2020
9/27
配偶者に対する相続税額の軽減(その1)
こんばんは。
さて、今回からは前回の配偶者居住権の説明に続いて、「配偶者」繋がりで
配偶者に対する相続税額の軽減について数回にわたってお話しましょう。
この配偶者に対する相続税額の軽減は一般には相続税の配偶者控除とも
呼ばれている制度です。
この制度は 相続人が死亡して、配偶者が相続した場合、配偶者に対しての
相続税の金額を大幅に軽減してあげましょうという制度です。
計算式は以下の通りになります。
1億6千万円と法定相続分の大きい方
⇒この金額までの相続税評価額が控除されます(非課税となります)。
具体例で考えてみましょう。
Q以下の各設例の妻の相続税の非課税金額について求めなさい。
【例1】
相続税評価額 2億円
法定相続人 妻、子(実子)1人、(法定相続分は妻1/2 子1/2)
妻の法定相続分は2億円×1/2=1億円
従って、
非課税金額:1億6千万円>1億円(法定相続分)⇒1億6千万円
【例2】
相続税額 4億円
法定相続人 妻、子 なし、相続人の兄弟1人⇒法定相続分は妻3/4 兄弟1/4
妻の法定相続分は4億円×3/4=3億円
従って
非課税金額:1億6千万円<3億円⇒3億円
最後に配偶者の定義について述べておきましょう。
この制度の適用を受けようとする配偶者は「婚姻の届出(民739①)」を行っている
配偶者に限られます(相基通19-2-2)。

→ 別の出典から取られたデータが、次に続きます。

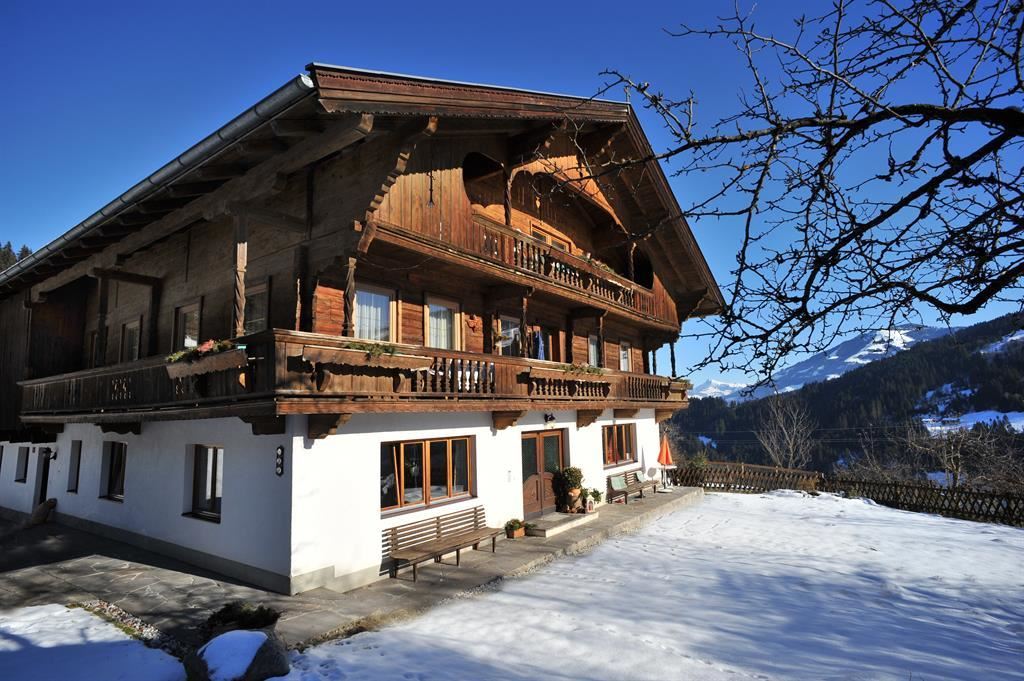 Untertraucha-Astner-Leonhard-Trauchaweg-Winter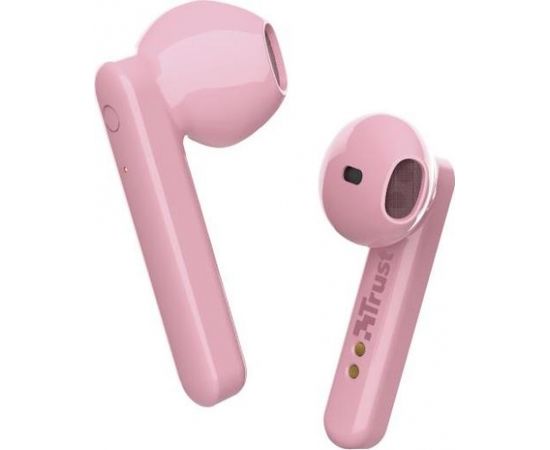 HEADSET PRIMO TOUCH BLUETOOTH/PINK 23782 TRUST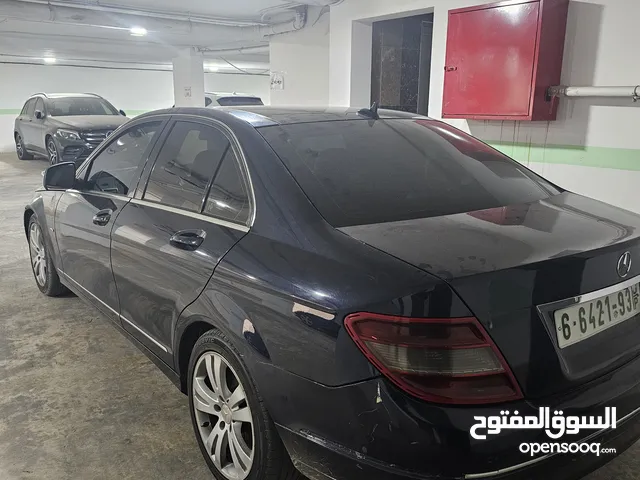 Used Mercedes Benz C-Class in Ramallah and Al-Bireh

従って、事実婚いわゆる内縁関係の夫や妻
はこの制度の恩恵を受けられないということになります。
一般に法律の世界では、法律上の婚姻関係があっても、事実婚であっても実態は夫婦
なのであるから、できるだけ法律上の婚姻関係の権利義務が認められると説明される
ことがあります。しかし、相続税の世界ではこの説明が当てはまりませんので注意が
必要です。
私の事務所にも事実婚という状況でもこの配偶者に対する相続税額の軽減制度が受け
られると誤解されて相談に来られる方がまれにいらっしゃいます。